-- Records supplied follows --
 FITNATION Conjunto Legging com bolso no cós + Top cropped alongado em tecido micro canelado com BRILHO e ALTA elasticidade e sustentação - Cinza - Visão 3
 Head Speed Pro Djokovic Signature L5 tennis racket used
-- Records supplied concluded --
-- Records supplied follows --
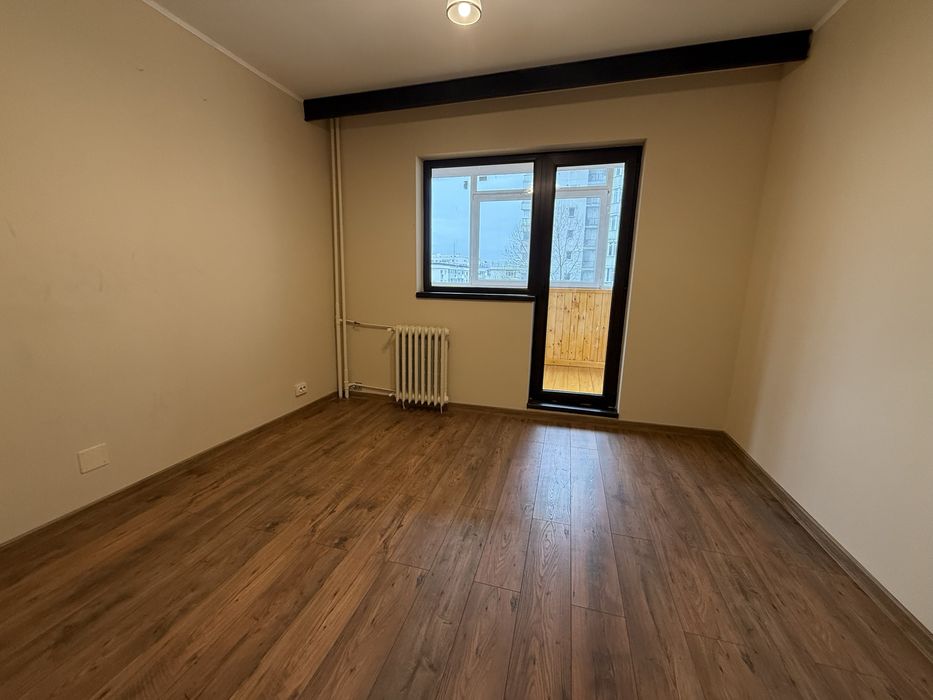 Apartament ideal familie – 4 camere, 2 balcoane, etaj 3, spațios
-- Records supplied concluded --
-- Records supplied follows --
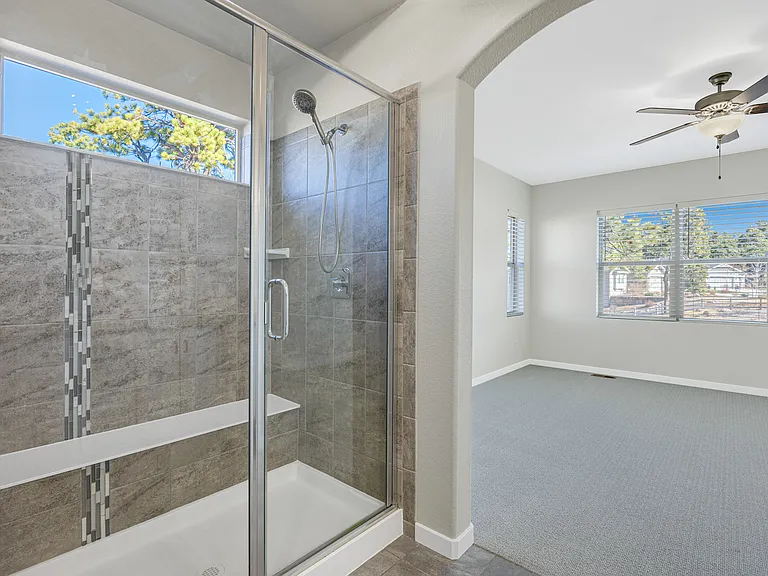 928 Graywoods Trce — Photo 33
-- Records supplied concluded --
* [Assignment] Looking at the data above, write out exactly the lines that start at the one containing "FITNATION Conjunto Legging" and end at the one containing "Head Speed Pro"; include both and nothing beyond.

* [Answer for this exercise]
 FITNATION Conjunto Legging com bolso no cós + Top cropped alongado em tecido micro canelado com BRILHO e ALTA elasticidade e sustentação - Cinza - Visão 3
 Head Speed Pro Djokovic Signature L5 tennis racket used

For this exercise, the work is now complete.